If you have read Barbara Kingsolver before, then you know she is a beautiful writer of descriptive prose, as well as the inner life of her characters. Nature figures largely in her novels, as in Lacuna which won the Orange Prize, or humanitarian disasters as in The Poisonwood Bible.
In Flight Behavior we meet a character with the delightful name of Dellarobia Turnbow. She and her family live in southern Appalachia in the small town of Featherstone, where life in this rural community centers around farming and church gatherings. The Turnbows own a sheep farm on which they are barely eking out a living. Kingsolver paints vivid word pictures of the difficult life of a sheep farmer through the sheering, sorting wool and the birthing of lambs. Dellarobia's days are filled with farm duties, cooking, knitting, raising her children and dealing with cranky in laws and a lunky husband who is devoid of imagination. She was 17 and pregnant when she married Cub Turnbow and began a life that was completely different than one she had imagined. Dellarobia is the heart and soul of her family. She is also intelligent and curious, traits that have been passed down to her young son who, like Dellarobia has a fierce interest in the nature which is part of their everyday life.
The story opens with Dellarobia climbing the mountain behind the farm for an illicit rendezvous. Her heart wasn't really in this meeting, and when it doesn't pan out we feel relief along with her. Instead, she sees an amazing, and for her a life changing, sight. Clustered in the trees as far as the eye can see are thousands and thousands of Monarch butterflies which the locals call Orange Billys, an old term named for the English King, William, and the Orangemen of Protestant Ulster. Somehow the butterflies have lost their home in Mexico to mudslides and floods where they had migrated for eons. Now they have alighted on the mountains and hills of the Turnbow land. Kingsolver shows us the different attitudes and reactions in this small and unsophisticated community. Some think Dellarobia was sent this gift from God, some think the family should make money by encouraging busloads of tourists. A clueless female reporter hypes the feel-good story while ignoring the environmental disaster that it really is.

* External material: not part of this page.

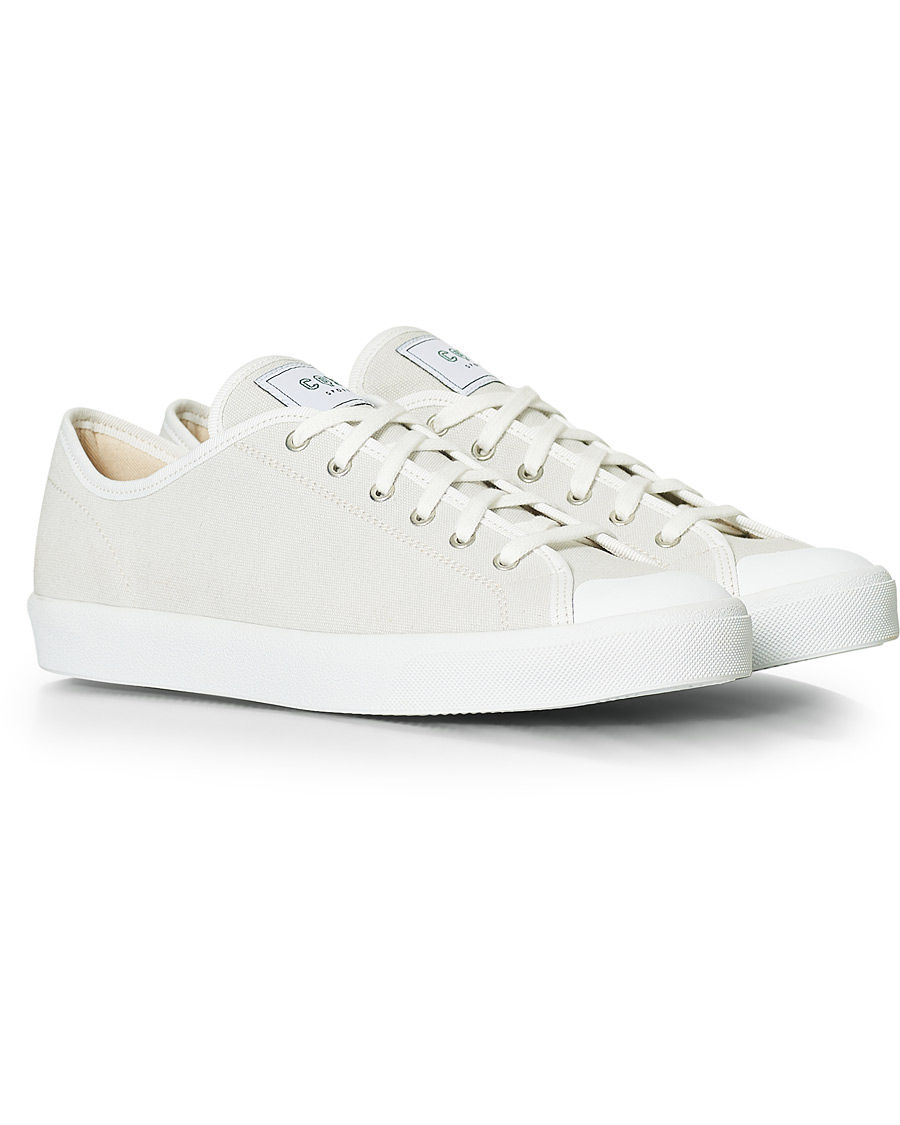 Herren | C.QP Clava Canvas Sneaker Great White | CQP | C.QP Clava Canvas Sneaker Great White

Dellarobia's life is changed forever when a scientist, Ovid Byron, who has devoted his life to the study of Monarchs, comes to town with his associates and students to study climate change and its effects on these unfortunate and beautiful insects. Dellarobia's interest is peaked, and suddenly her life is no longer full of a dull routine as she discovers the magic of scientific study. At the same time she is moving in a direction away from her husband and toward a future she had only dreamed about. Still, nature is not finished with this family or the butterflies, who are fighting to survive a winter colder than any they had lived through in Mexico. It is a season of punishing rains with disastrous results for the family and the town.

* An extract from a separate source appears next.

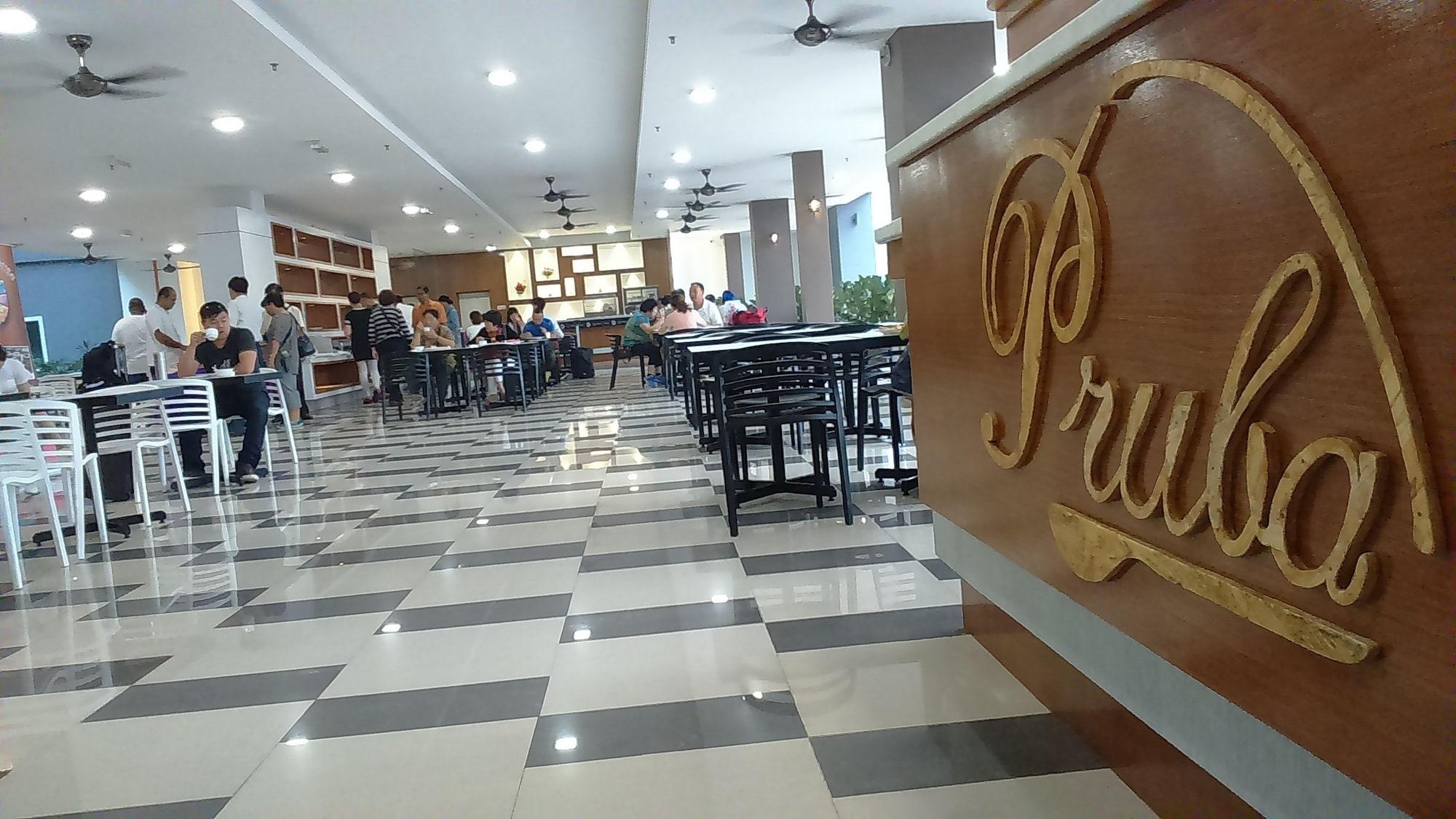 Restaurant Temasek Hotel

Kingsolver is wonderful in her descriptions of farm life, small town life, and the nature of her characters. The book is filled with people who have lived through tough times, but continue meeting life head on. It is not unusual these days, to see the havoc wreaked by natural calamities, almost on a daily basis. We can feel for these sturdy and plain speaking people, and hope only for the best for them. Kingsolver is a gifted writer who has appeal for all interested in good writing coupled with intelligent information of the natural world and environment. The book does not disappoint and is a good choice for a reading group and a follow-up discussion.